A year ago today, the worst storm ever recorded in France struck the Normandy coast and carved a swath of devastation 100 miles wide and 500 miles long.

A year ago today, the worst storm ever recorded in France struck the Normandy coast and carved a swath of devastation 100 miles wide and 500 miles long.

Trees that had lived for 200 years were snapped in half or pulled up by their roots as if they were weeds. Electricity lines were turned into spaghetti. Cars were blown off motorways or crushed by tree-trunks. Two-fifths of the trees in the Bois de Boulogne and Bois de Vincennes, the "green lungs" of Paris, were flattened.

The record set by the Boxing Day tempete did not last for long. Two days later, another storm, perhaps even stronger, with winds reaching 120mph in places, howled across the Bay of Biscay coast and wreaked similar havoc in south-western and central France.

Taking both storms together, 80 people were killed and 30 million trees were destroyed. Damage, to power-lines, railways, roads, forests and buildings, has been estimated at £3bn. Ten million were left without electricity; a million phone lines were cut.

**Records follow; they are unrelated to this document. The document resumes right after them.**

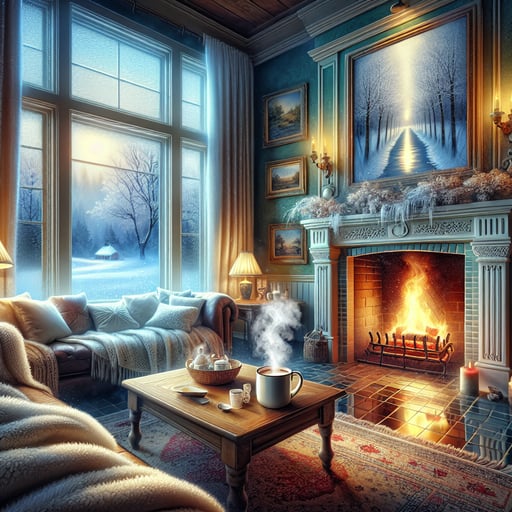 A serene living room in the morning with a cozy fireplace and a steaming mug on the table signifies a good morning image.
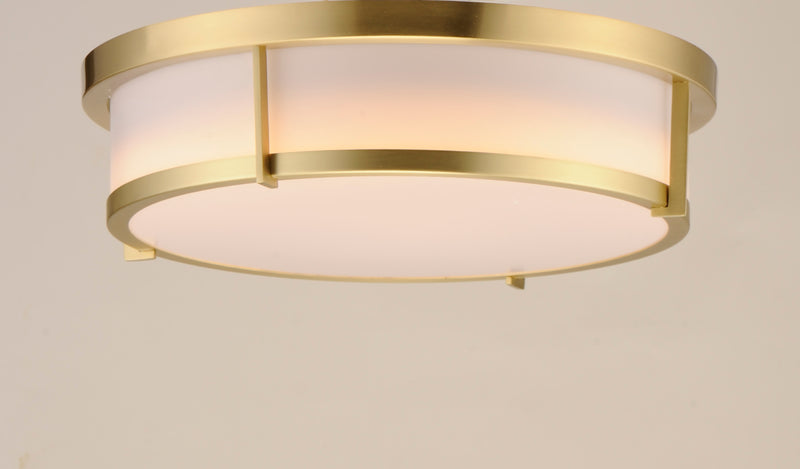 Maxim 10272WTSBR Rogue 13" 2 Light Flush Mount | Satin Brass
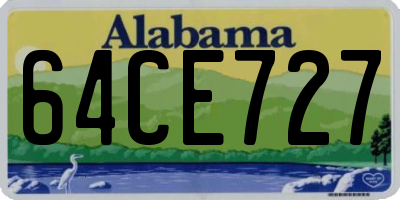 AL license plate 64CE727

A year later, the ferocity of the storms still puzzles, and disturbs, French meteorologists. What was startling about these winds was not just their initial ferocity - "at the limits of what is possible in Europe", according to the French Met Office, France-Meteo - but their tenacity and durability. Gales usually lose power once they strike land, but the storms of 1999 grew even more ferocious as they roared across France. The region most severely damaged by the first storm was Lorraine - 500 miles inland.

After a year of unusual weather in France and Europe as a whole - a cool summer followed by an interminably mild and damp autumn - it is tempting to blame the great storms of 1999 on global warming and the disruption of traditional weather patterns, but officials at France-Meteo are cautious. "One freak storm proves nothing," one said, "though it is true that last autumn was also unusually wet and mild. This partly explains why so many trees were lost. The ground in many places was exceptionally soft and damp."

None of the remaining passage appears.